Support shows how many examples are in the actual dataset for each class. This value represents the number of data points belonging to that class. For example, class “1” has 266 data points.
Accuracy shows the ratio of correctly predicted samples to the total number of samples. That is, it expresses the rate of correct prediction of all classes. For example, the accuracy rate is 71%, meaning that the proportion of samples that the model predicts correctly is 71%.

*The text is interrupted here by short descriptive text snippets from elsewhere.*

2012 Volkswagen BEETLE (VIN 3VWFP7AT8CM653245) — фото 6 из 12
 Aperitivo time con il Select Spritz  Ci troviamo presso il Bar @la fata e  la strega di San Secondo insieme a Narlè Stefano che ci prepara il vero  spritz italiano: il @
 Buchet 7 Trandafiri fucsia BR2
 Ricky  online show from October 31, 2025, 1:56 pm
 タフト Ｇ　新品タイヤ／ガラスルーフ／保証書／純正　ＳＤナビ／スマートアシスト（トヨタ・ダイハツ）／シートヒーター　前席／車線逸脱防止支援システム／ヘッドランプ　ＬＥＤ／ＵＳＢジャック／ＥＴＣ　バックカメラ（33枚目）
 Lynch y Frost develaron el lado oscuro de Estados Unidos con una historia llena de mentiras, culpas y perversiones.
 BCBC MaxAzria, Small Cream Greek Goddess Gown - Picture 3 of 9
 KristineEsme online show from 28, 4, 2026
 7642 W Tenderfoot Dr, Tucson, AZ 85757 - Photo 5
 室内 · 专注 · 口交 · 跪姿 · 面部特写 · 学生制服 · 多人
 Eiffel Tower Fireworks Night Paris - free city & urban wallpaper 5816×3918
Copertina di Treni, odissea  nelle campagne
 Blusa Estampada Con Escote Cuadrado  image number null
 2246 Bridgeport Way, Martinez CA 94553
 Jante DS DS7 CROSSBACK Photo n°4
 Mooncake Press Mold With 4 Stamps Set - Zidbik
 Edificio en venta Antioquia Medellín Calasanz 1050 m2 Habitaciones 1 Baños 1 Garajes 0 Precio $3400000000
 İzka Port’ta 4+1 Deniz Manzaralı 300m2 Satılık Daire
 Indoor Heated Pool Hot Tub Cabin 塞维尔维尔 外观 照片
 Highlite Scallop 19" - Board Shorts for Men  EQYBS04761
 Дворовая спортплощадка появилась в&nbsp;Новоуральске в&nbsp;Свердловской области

Macro average takes the arithmetic average of the metric values of each class. Weighted average calculates the metric values of each class by weighting them according to the number of examples of that class. This provides a more accurate assessment in case of imbalance between classes.
As a result, it can be interpreted that the performance of the model is unbalanced between classes. Particularly low precision and sensitivity are observed for class “2”, indicating that the model has difficulty predicting this class accurately. However, since it is a beginner and is not subjected to too much pre-processing, it can be considered a normally successful model.
We reinforced our knowledge with the KNN application. Thank you for reading.